受け口の治療方法として一般的なのが、マウスピースや矯正器具による生活習慣の改善です。
矯正器具を装着して生活するのは大変ですが、
早期の発見であれば治療期間も短くなるのでぜひ歯科医院を利用しましょう。
成人が受け口を治療する際には、歯列矯正と並行しながら受け口の治療に臨むことがあります。
歯列矯正は正しい歯並びを実現するためのものなので、
軽度の受け口であれば歯列を整えるとともに受け口も治っていくのです。
重度の受け口の場合には、前歯にクラウンを被せるという方法を採ることもあります。
顎の骨格が大きく変形してしまっている受け口においては、外科的手術をすることになります。

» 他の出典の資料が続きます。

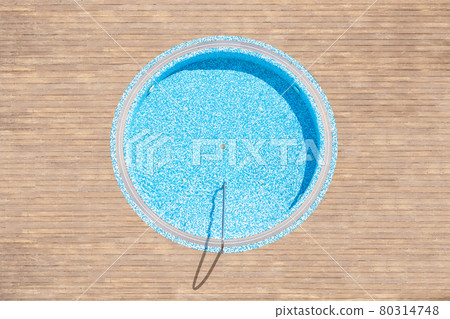 Aerial drone view on jacuzzi on wooden terrace. Tropical summer luxury hotel. View from above Aerial drone view on jacuzzi on wooden terrace. Tropical summer luxury hotel. View from above 80314748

下顎の歯を数本抜き取り、空いたスペースの分だけ下顎を引っ込めるように矯正する方法を下顎骨体移動術といいます。
こちらの手術は奥歯の噛み合わせが問題ない場合に適用されます。
歯を抜かずに治療したいという人には、顎の骨を削ることで下顎を引っ込める手術がおすすめです。
下顎枝矢状分割手術と呼ばれるこちらの手術は10日ほどの入院措置が必要です。